Однако Мишин брак не дал ему счастья, а, наоборот, по-видимому, способствовал развитию глубокой душевной депрессии, дошедшей в 1916 году до острого нервного расстройства. Уже вскоре после окончания медового месяца у супругов начались разногласия. Она, воспитанная в чопорной немецкой обстановке, не мирилась с широтой его характера и равнодушием к окружающему быту. Философский склад его ума был чужд ей, воспринимавшей лишь поверхностный тонус жизни. Думаю, что в свой духовный мир, в свое святая святых он ее не допускал и поэтому, вероятно, представлялся ей просто ненормальным. Усиливались нелады со свекровью. Ведь свекровь лишилась сознания, когда узнала, что ее единственный сыночек, ее обожаемое нёщечко, женился без спроса, привел в дом молодую хозяйку. Для Натальи Александровны началась пора жгучей ревности, что, конечно, не способствовало миру в семье. По-видимому, жена была настолько чужда Мише, что в своих воспоминаниях он даже не упоминает о ней, как будто ее вовсе не было. В книге «Путь актера» он делает подробный анализ гнетущих представлений, которые появились у него еще в детстве и достигли полного развития в 24–25 лет. Он описывает свое тяжелое душевное состояние, не изменившееся даже после принятия в Художественный театр, описывает нервную напряженность, которую он искусно скрывал от внешнего мира. Эта умелая маскировка и вводила в заблуждение многих. В поисках выхода из невыносимого состояния Миша обращался к философии, этике, религии, учению йогов, обдумывал способ самоубийства, стал пренебрегать театром. Нелады с женой усилились, и в конце 1917 года она ушла от него. В это же время застрелился Володя. Самоубийство двоюродного брата, конечно, произвело на Мишу сильнейшее впечатление и, быть может, удержало его от аналогичного поступка.

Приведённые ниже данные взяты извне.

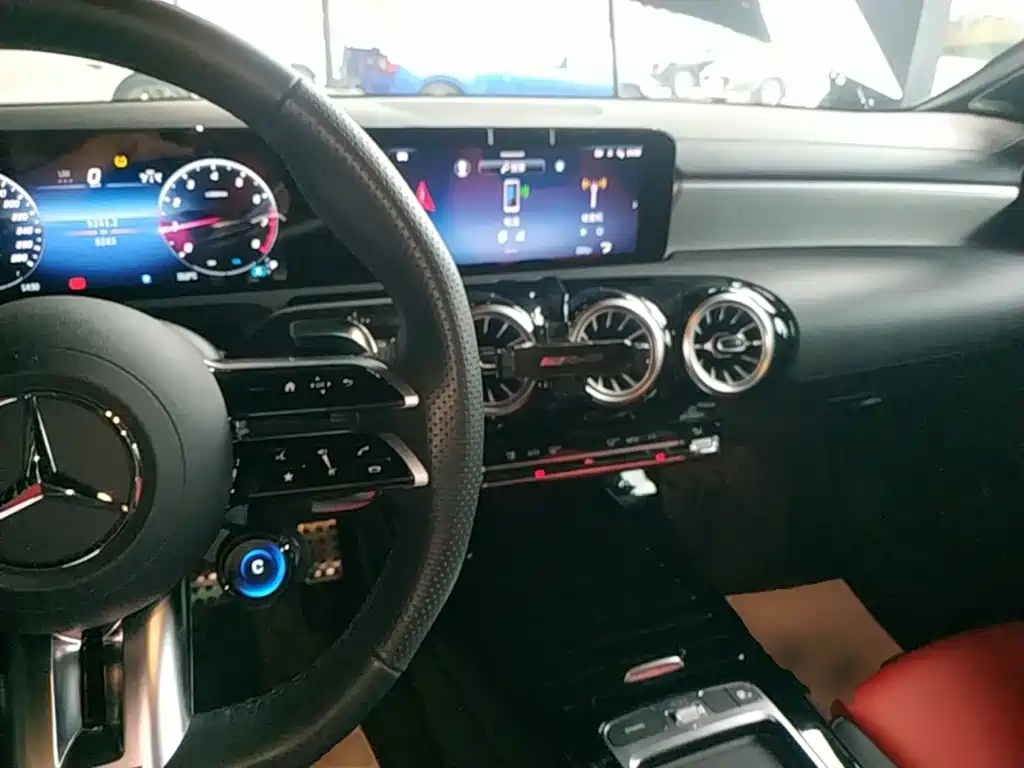 Mercedes-Benz A-Class AMG 2025 — фото 10
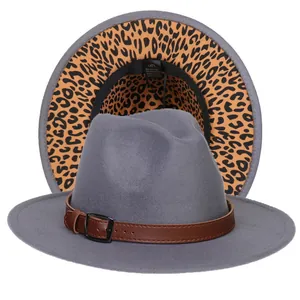 Dettaglio del cappello in feltro con tesa maculata e fascia decorativa in pelle marrone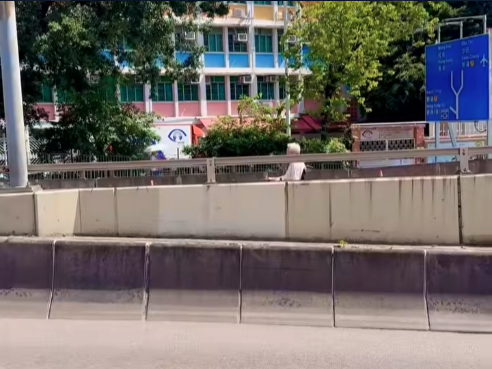 車cam直擊｜陰森停車場疑遇上吊事件 車主急急駛回地面 網民熱議：好明顯有人XX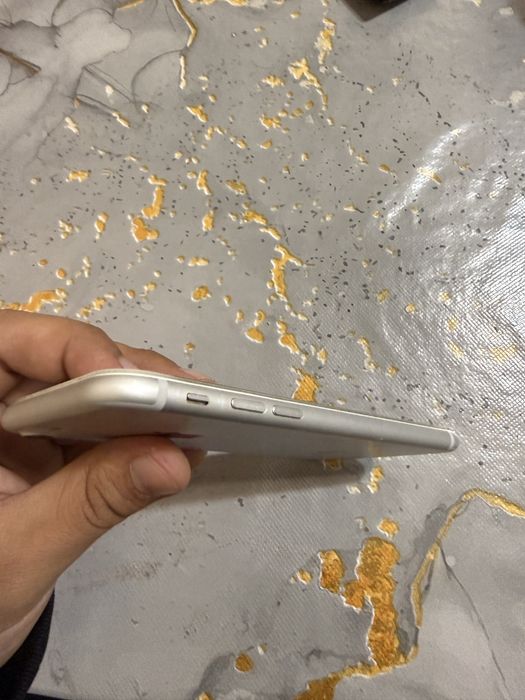 iPhone 7 pamet 128gb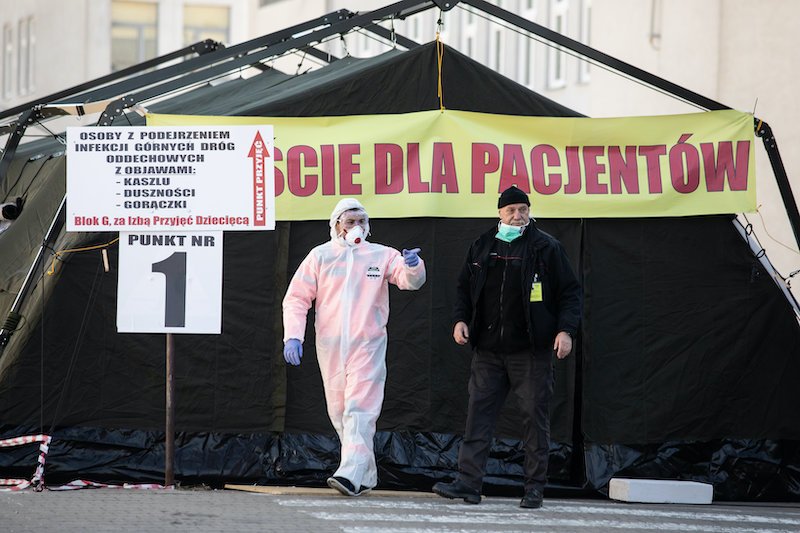 Zdjęcie poglądowe. Lublin, Wojewódzki Szpital Specjalistyczny. Z powodu wykrycia 2 przypadków zakażenia koronawirusem u pacjentów, zostały zamknięte 4 oddziały, w tym SOR.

Мучительная внутренняя работа продолжалась. Он так описывает это время:
«Решив навсегда порвать с театром, я стал думать о способе добывания средств к дальнейшему существованию… Я решил вырезать из дерева шахматы… стал думать о переплетном ремесле… Я продолжал пить и под влиянием вина писал различные сочинения на невероятные темы. Я описывал, например, очень подробно и пространно, мгновение за мгновением, состояние человека, попадающего под колесо трамвая… Вопрос о добывании средств к существованию становился все острее. Один из моих друзей дал мне однажды совет открыть театральную школу… Экзаменуя приходивших ко мне учеников, я отбирал себе состав будущей моей Студии. В моей запущенной и неуютной комнате протекали первые уроки» (101–102).